That's it! I mean, think about it. In any of your best relationships, be it with your spouse, business partner, employer, church - yes, church! These three components exist, right? Especially in the relationships that stand the test of time.


Both parties get something of value out of the relationship, there is trust between all parties, trust that each can and will deliver on their promise and the ability for all parties to hear and be heard with next to zero misunderstandings. Any relationship regardless of how badly wanted will fizzle over time if all three are not present.


Your relationship with your customers, and by extension the general public is no different. Oftentimes, newer companies and some mature ones lose track of these truths. So if you are or hope to be in a long-lasting relationship with your customer base and each tribe of customers, you must work to establish the aforementioned elements.



In this article, we shall examine some of the steps you must take within your marketing efforts and your general corporate culture to help build this coveted long-term relationship. The kind shared between brands like Starbucks and their customers all over the world. Or the kind of relentless passion folks have when it comes to their Apple products.
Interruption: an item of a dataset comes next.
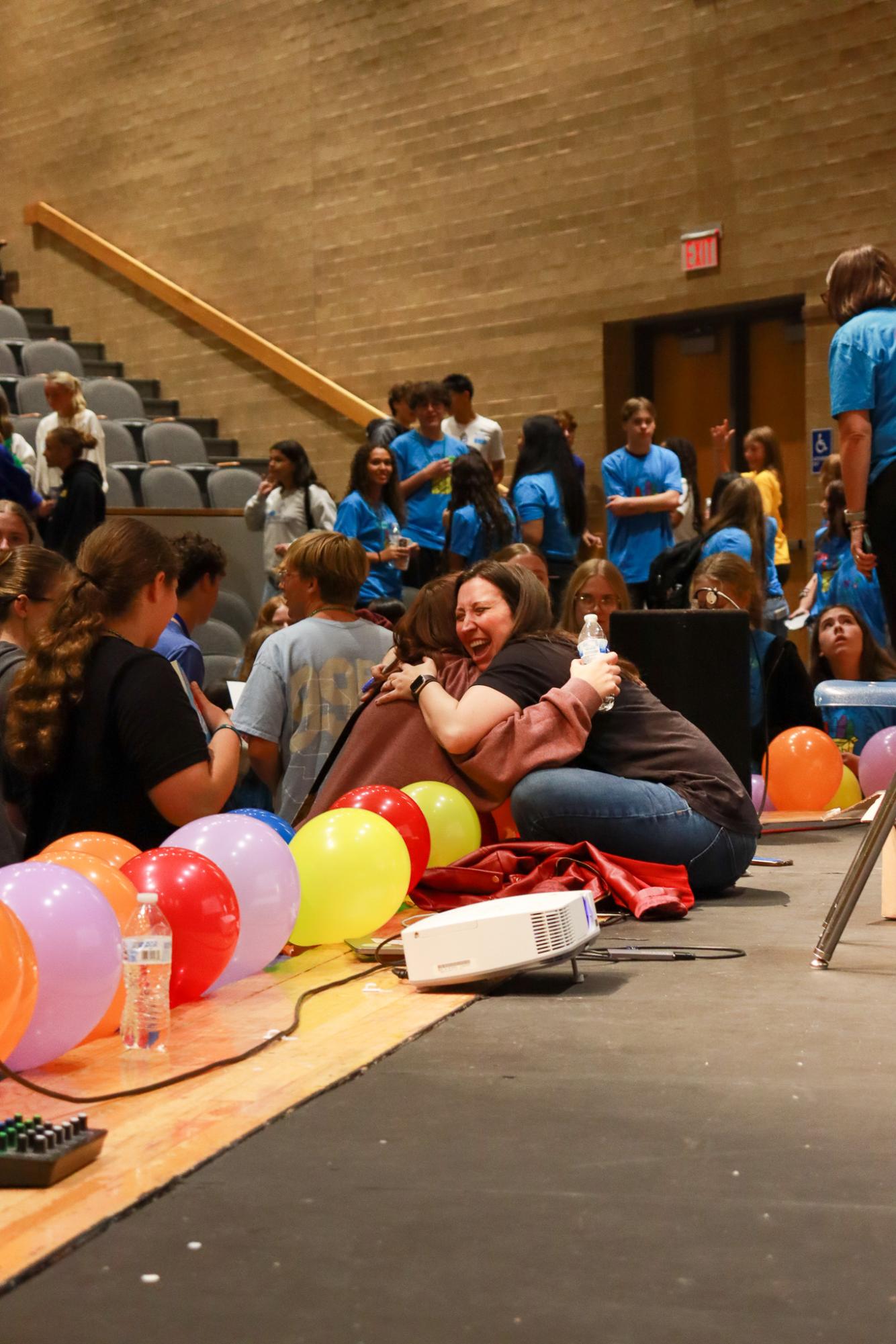 Stuco Regional Conference (Photos by Madison Hite)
Listen with all your heart

Businesses today must look upon this element of relationship-building with the utmost seriousness. We must stand, ready to lend a sincere listening ear to our prospects and customers alike. Only then can we develop a full and rich picture of the diversity of needs and solutions required by our often diverse groups of users, clients and/customers.


We must create various systems, whether online or offline to allow our customers to share valuable feedback with us. This kind of open-door policy is most evident with the way Trader Joe's, #2 on Forbes' List of "Companies with the best customer service (2018)", treats and interacts with its customer base.



The Value health foods Grocer, over the last decade or so, has built various initiates around which customers, most of who live and work in communities where these eponymous stores are located, can actively participate with the development of new products, store design, inventory and so forth.


What are they into?

Businesses and marketers today must recognize that their customers are dynamic individuals with varying needs, expectations and interests. During instances when we interact with our customers, whether during focus groups, online forums, or during customer support sessions. We must focus part of our efforts on getting to know our customers as segments and tribes and as individuals as much as we can.


We must extend ourselves to take notes on our customers' favorite pass times, ambitions, goals, etc. We will possess the resources and information we need to build a more intimate relationship with our communities of customers.


Large outfits like Amazon and Harris Teeter invest a great deal of time and money into getting to know their customers. With the help of AI and machine learning, the Seatle-based eCommerce giant, for instance, is able to deliver goods and services finely curated to pique the interest of each unique customer. Thereby making each shopping experience seamless and intuitive.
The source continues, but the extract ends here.